Crawled caption data:
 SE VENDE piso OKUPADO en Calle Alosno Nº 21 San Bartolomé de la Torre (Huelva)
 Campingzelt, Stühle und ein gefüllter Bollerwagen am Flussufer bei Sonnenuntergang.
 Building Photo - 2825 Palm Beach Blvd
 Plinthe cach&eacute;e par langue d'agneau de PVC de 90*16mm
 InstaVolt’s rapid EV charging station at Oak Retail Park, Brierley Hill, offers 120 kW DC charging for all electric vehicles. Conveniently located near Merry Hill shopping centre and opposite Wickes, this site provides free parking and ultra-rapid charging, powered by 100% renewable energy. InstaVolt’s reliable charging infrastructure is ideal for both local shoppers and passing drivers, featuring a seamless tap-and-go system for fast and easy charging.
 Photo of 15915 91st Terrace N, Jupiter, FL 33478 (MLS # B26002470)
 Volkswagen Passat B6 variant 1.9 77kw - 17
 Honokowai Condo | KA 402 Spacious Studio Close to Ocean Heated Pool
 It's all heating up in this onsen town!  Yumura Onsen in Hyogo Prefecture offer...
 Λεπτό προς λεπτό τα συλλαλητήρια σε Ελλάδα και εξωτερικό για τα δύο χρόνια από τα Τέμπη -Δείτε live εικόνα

Problem requirements: Your answer must be a copy of every line in the data above that holds the string "Photo".

Task output:
 Building Photo - 2825 Palm Beach Blvd
 Photo of 15915 91st Terrace N, Jupiter, FL 33478 (MLS # B26002470)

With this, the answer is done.